8 Common Residential Heating Systems

Homes are designed to keep residents safe and comfortable. To that end, each home needs some source of heat to keep the space inside the home at a reasonable temperature. Luckily, there isn’t a shortage of types of heating systems available, and they differ in the kind of heat they create and the fuel sources they use. Here are eight of the top choices for home heating systems. 

1. Furnaces

Furnaces are one of the most common types of heating systems. Also known as forced air systems, these systems heat air and then push it throughout the home while drawing cooler air back into the system for heating. A furnace system will have a centralized unit that operates on gas, liquid propane, fuel oil, or electricity. Each model has a burner that heats a device known as a heating coil or heat exchanger. 

As the unit’s fan draws air across the heating coil, the air gets hotter. Then, the unit pushes that warm air throughout the rest of the home through a system of ducts and registers in the walls.

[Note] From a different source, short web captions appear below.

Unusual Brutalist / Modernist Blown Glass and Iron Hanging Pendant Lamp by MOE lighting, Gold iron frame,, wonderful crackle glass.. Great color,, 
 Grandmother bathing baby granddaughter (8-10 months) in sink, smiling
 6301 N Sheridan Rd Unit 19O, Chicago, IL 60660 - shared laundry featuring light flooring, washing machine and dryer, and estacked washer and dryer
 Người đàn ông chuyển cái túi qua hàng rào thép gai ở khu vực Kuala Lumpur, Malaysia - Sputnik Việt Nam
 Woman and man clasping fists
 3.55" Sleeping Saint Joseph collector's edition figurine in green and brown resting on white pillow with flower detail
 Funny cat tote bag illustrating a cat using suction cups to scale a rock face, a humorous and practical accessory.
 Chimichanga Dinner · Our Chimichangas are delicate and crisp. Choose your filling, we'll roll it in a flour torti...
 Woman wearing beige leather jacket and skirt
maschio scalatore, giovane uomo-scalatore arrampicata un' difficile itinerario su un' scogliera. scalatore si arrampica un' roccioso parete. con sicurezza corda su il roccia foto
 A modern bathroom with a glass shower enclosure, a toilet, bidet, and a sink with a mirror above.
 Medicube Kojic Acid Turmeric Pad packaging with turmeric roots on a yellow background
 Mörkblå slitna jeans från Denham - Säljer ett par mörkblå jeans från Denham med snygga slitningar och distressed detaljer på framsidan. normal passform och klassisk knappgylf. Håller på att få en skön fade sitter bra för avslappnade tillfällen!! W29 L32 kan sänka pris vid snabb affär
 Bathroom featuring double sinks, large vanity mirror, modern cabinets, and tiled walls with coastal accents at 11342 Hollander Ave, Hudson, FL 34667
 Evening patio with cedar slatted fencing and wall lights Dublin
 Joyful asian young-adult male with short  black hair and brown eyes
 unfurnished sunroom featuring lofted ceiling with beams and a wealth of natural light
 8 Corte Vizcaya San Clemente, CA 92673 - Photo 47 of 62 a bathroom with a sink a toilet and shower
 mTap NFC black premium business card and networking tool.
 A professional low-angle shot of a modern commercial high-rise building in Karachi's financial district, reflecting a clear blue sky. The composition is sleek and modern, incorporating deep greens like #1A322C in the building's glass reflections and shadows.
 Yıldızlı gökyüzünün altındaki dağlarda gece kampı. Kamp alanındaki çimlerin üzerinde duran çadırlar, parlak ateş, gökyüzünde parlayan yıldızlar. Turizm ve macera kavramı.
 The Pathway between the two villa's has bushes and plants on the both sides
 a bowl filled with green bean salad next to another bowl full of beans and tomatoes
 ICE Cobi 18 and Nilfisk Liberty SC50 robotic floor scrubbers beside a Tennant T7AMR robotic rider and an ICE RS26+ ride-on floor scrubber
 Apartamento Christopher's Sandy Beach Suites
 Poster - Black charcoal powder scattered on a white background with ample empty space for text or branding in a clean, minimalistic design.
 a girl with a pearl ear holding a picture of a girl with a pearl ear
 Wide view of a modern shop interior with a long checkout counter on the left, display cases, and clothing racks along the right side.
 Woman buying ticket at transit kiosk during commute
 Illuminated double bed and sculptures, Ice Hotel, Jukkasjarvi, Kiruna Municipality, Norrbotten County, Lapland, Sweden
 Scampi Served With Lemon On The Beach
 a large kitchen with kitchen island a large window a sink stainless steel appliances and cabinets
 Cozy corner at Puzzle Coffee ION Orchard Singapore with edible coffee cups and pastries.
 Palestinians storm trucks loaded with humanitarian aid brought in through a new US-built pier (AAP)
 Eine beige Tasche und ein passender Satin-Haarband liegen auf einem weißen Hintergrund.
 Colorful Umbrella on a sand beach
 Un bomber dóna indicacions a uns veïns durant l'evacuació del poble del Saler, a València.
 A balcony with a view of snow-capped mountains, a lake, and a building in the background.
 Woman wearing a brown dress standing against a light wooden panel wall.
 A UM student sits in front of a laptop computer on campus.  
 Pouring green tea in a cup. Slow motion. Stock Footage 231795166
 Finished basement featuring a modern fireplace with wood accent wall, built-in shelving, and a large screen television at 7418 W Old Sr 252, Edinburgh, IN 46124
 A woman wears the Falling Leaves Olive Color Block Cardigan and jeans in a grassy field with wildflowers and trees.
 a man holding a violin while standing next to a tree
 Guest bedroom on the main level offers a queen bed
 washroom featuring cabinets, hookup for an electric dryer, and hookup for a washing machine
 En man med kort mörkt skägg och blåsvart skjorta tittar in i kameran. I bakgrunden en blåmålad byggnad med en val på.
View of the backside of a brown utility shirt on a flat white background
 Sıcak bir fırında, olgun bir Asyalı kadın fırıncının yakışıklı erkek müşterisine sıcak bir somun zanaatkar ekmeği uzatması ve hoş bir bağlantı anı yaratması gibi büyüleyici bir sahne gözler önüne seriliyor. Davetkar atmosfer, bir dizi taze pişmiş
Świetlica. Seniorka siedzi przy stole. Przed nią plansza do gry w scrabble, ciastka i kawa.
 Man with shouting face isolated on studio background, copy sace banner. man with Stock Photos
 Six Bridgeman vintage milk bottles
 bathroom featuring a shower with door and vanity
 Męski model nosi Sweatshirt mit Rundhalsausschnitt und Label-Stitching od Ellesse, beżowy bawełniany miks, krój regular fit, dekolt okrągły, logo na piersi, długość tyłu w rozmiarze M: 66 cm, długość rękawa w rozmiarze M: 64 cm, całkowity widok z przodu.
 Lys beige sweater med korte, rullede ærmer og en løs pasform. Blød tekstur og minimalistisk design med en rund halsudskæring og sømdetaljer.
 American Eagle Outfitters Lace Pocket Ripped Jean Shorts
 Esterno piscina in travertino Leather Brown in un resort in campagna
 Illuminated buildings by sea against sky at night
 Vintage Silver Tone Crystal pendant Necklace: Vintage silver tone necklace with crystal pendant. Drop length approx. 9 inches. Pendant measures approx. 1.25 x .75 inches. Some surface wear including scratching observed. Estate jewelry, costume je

Furnaces can be fairly efficient and homeowners can install high-quality filters to improve air quality. But, because they heat the air only (not the objects in the space), the heat fluctuates quite a bit between the on and off cycles and home can become uncomfortable.

2. Boilers

Water and steam do a great job of transporting heat throughout a home, so it makes sense that a boiler system would take advantage of them. A boiler system (also known as a hydronic systems) uses a centralized unit (the boiler) to heat a heat exchanger using either gas, liquid propane, oil, or electricity. As the water travels through the heat exchanger, it becomes hot or turns to steam, depending on the system. This heated water then circulates throughout the home (using a system of pumps) where it heats baseboard units or radiators. The cooled or condensed water travels back to the boiler for further heating.

The radiators and baseboards themselves get hot and maintain heat for quite a while. They radiate that heat into the space and create even, comfortable, and efficient warmth. However, these systems can be difficult and expensive to install, but their efficiency is a significant benefit over other systems. They can often replace water heaters as well, giving homeowners two functions in one system. 

3. Radiant Heating

Another type of heating system is radiant heating, the most common of which is in-floor. In-floor radiant heating systems typically use a boiler to heat water, which then circulates through a network of PEX pipe buried inside a concrete slab or installed under a floor. They use gas, liquid propane, or oil, just as a traditional boiler might. 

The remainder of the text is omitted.